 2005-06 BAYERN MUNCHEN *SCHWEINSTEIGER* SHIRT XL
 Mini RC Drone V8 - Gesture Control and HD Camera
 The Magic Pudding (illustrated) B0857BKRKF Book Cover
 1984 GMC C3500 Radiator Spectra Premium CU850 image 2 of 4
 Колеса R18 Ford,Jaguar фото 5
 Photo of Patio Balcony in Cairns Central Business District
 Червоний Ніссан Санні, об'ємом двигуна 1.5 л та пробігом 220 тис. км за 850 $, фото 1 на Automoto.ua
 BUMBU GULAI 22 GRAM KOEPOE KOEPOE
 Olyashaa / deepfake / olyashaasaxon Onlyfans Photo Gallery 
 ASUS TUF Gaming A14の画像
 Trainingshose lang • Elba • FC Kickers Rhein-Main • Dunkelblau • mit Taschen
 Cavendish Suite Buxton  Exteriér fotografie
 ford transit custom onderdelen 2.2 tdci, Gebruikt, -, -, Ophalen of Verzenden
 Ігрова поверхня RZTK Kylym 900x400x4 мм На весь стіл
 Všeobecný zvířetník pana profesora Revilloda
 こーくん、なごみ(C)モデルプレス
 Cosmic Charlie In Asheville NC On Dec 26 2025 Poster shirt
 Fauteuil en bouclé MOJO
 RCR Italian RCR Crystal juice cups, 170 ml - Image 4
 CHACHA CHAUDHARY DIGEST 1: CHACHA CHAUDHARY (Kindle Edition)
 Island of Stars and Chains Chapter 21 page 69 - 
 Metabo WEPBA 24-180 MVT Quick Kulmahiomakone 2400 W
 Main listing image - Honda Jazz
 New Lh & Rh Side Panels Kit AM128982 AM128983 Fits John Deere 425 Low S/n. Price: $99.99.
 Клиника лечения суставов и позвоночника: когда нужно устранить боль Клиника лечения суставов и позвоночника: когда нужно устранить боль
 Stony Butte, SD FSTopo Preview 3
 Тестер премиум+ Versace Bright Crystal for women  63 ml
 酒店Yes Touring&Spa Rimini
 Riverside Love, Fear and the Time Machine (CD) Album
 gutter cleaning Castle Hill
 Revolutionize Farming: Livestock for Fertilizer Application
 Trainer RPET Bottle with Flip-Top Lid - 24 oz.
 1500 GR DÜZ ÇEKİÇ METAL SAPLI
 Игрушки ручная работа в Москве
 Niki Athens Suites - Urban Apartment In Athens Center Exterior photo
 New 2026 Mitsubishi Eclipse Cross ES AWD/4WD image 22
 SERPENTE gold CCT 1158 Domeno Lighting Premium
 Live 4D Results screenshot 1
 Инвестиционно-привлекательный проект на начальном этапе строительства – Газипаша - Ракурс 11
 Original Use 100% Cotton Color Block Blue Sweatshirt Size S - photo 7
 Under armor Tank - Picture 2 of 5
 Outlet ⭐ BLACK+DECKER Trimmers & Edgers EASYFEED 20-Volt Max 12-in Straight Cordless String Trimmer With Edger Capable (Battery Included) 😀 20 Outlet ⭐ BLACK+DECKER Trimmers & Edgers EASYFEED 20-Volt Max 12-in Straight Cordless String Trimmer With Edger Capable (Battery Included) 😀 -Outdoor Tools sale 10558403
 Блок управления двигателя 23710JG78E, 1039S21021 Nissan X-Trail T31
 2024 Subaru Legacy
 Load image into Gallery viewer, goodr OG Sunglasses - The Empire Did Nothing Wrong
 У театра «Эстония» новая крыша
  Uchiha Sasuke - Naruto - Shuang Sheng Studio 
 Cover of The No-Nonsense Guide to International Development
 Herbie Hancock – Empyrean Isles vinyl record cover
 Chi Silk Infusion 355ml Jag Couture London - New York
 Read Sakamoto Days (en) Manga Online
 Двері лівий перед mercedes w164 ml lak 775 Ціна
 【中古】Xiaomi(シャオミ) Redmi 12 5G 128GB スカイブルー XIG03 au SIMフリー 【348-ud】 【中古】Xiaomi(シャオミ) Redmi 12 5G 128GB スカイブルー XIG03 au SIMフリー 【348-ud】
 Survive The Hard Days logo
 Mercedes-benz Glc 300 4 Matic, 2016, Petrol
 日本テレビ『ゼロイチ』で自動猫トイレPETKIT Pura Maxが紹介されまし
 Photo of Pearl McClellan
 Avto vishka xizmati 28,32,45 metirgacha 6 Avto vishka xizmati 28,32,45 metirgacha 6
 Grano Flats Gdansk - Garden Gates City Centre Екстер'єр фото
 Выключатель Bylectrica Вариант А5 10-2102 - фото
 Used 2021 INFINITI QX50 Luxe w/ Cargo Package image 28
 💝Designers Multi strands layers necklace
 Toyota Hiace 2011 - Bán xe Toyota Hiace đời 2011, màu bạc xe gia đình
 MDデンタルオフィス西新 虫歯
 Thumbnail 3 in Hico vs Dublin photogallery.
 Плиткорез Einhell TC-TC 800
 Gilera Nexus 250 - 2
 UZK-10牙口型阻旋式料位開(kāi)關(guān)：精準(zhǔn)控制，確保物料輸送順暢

-*-*-

### Work item
Would you please copy, word for word, everything above from the line containing "Cover of The" down to the line containing "Выключатель Bylectrica Вариант", those two lines included?

### Expected answer
 Cover of The No-Nonsense Guide to International Development
 Herbie Hancock – Empyrean Isles vinyl record cover
 Chi Silk Infusion 355ml Jag Couture London - New York
 Read Sakamoto Days (en) Manga Online
 Двері лівий перед mercedes w164 ml lak 775 Ціна
 【中古】Xiaomi(シャオミ) Redmi 12 5G 128GB スカイブルー XIG03 au SIMフリー 【348-ud】 【中古】Xiaomi(シャオミ) Redmi 12 5G 128GB スカイブルー XIG03 au SIMフリー 【348-ud】
 Survive The Hard Days logo
 Mercedes-benz Glc 300 4 Matic, 2016, Petrol
 日本テレビ『ゼロイチ』で自動猫トイレPETKIT Pura Maxが紹介されまし
 Photo of Pearl McClellan
 Avto vishka xizmati 28,32,45 metirgacha 6 Avto vishka xizmati 28,32,45 metirgacha 6
 Grano Flats Gdansk - Garden Gates City Centre Екстер'єр фото
 Выключатель Bylectrica Вариант А5 10-2102 - фото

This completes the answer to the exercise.